→ EXERCISE AIM:
Starting with the line that has "Stainless Steel Pizza" in the records below and stopping after the line that has "Afbeelding van Glas", output every line exactly and nothing else; skip pictures.

-- PROVIDED INFORMATION follows --

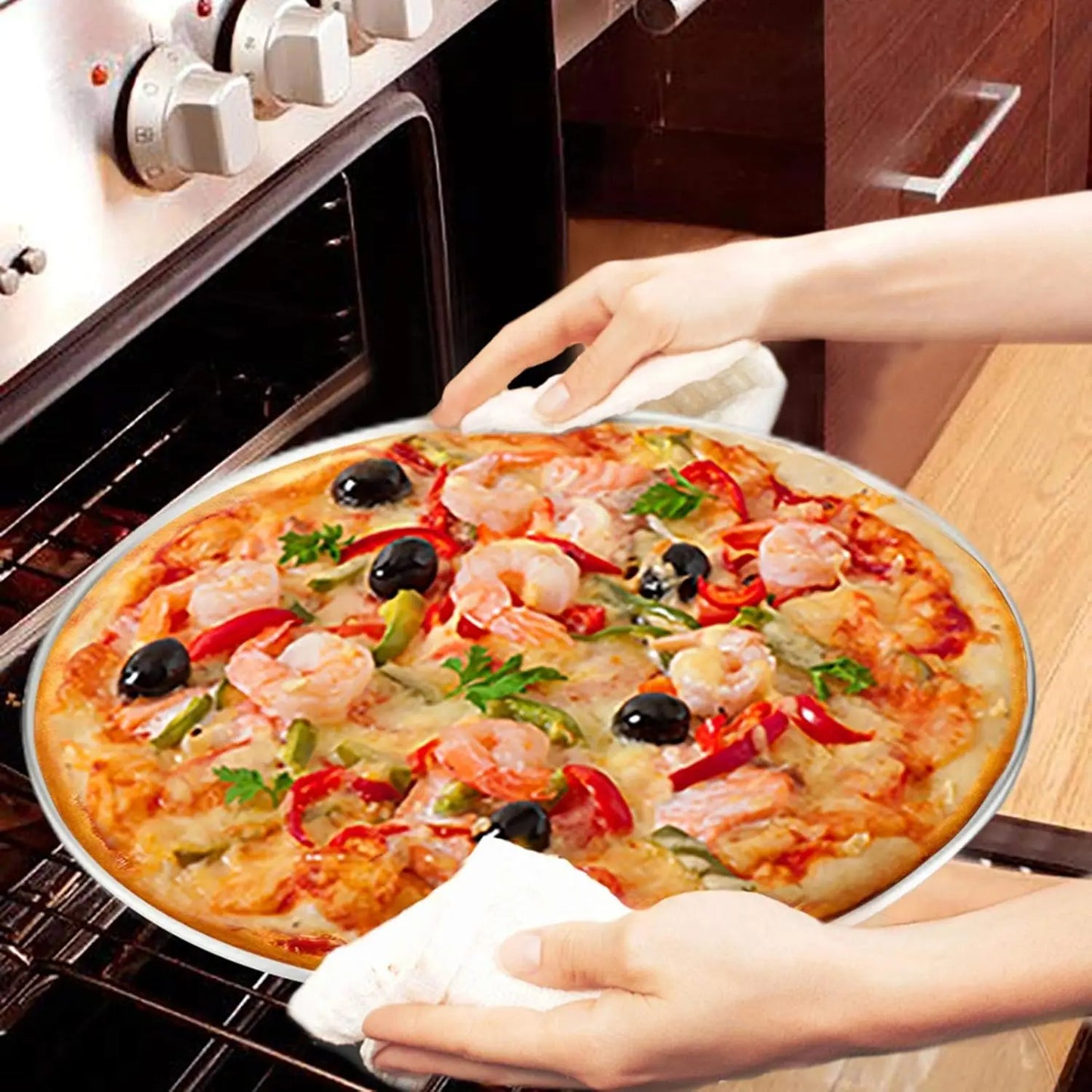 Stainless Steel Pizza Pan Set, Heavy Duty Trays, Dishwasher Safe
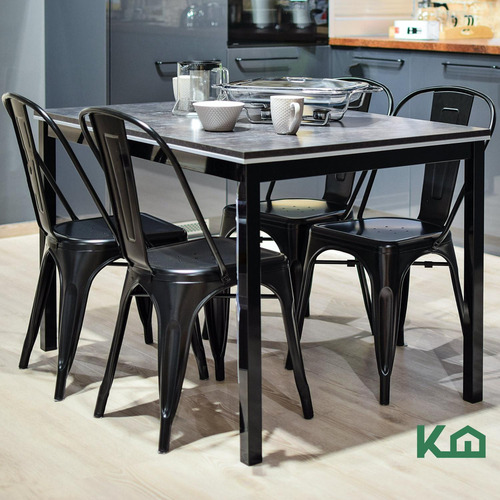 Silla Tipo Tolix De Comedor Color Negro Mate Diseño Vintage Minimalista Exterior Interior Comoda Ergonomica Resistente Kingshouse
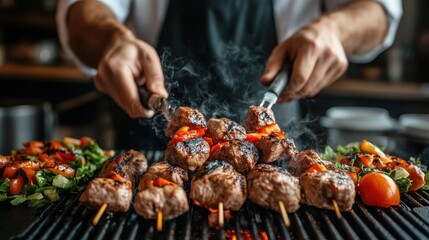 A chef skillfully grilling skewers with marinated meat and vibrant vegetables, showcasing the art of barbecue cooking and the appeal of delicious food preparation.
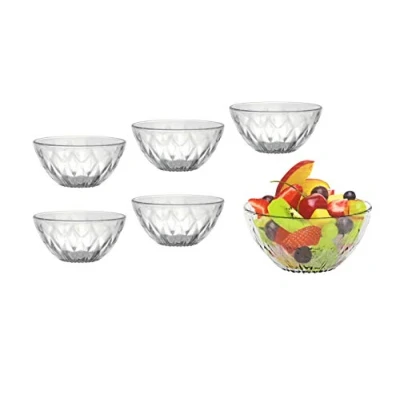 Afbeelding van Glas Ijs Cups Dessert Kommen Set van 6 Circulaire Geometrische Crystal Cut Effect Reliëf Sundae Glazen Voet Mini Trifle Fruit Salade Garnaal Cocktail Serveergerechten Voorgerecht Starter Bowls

-- PROVIDED INFORMATION concluded --
-- PROVIDED INFORMATION follows --

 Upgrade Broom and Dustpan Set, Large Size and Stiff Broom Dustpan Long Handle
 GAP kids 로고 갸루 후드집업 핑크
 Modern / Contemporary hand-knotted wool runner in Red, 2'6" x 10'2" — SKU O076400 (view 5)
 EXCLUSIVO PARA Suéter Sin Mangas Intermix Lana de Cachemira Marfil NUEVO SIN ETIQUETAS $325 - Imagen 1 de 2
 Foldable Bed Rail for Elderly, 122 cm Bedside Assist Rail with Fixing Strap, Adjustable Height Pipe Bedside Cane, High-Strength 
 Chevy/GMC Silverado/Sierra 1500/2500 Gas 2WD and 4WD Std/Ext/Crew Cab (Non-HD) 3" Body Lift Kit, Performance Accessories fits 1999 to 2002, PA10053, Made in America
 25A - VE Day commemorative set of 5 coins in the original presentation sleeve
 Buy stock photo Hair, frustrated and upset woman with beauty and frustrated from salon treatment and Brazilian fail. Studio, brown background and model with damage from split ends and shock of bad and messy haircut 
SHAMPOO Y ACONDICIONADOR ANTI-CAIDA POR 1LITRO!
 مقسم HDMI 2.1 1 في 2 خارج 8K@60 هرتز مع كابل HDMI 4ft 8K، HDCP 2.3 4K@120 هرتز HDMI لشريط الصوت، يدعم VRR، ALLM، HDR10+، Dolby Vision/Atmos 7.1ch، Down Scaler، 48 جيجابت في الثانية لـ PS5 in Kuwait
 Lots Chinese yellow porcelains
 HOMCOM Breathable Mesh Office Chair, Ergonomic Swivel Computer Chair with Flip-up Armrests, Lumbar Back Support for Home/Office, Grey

-- PROVIDED INFORMATION concluded --
-- PROVIDED INFORMATION follows --

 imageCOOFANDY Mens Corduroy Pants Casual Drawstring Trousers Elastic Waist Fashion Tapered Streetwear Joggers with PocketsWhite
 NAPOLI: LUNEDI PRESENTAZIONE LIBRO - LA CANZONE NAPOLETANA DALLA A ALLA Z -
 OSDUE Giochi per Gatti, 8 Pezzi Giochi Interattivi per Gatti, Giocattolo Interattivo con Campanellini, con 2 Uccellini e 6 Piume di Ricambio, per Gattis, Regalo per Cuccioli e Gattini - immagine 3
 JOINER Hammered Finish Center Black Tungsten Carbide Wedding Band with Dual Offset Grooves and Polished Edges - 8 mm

-- PROVIDED INFORMATION concluded --

→ ANSWER SPACE:
 Stainless Steel Pizza Pan Set, Heavy Duty Trays, Dishwasher Safe
 Silla Tipo Tolix De Comedor Color Negro Mate Diseño Vintage Minimalista Exterior Interior Comoda Ergonomica Resistente Kingshouse
 A chef skillfully grilling skewers with marinated meat and vibrant vegetables, showcasing the art of barbecue cooking and the appeal of delicious food preparation.
 Afbeelding van Glas Ijs Cups Dessert Kommen Set van 6 Circulaire Geometrische Crystal Cut Effect Reliëf Sundae Glazen Voet Mini Trifle Fruit Salade Garnaal Cocktail Serveergerechten Voorgerecht Starter Bowls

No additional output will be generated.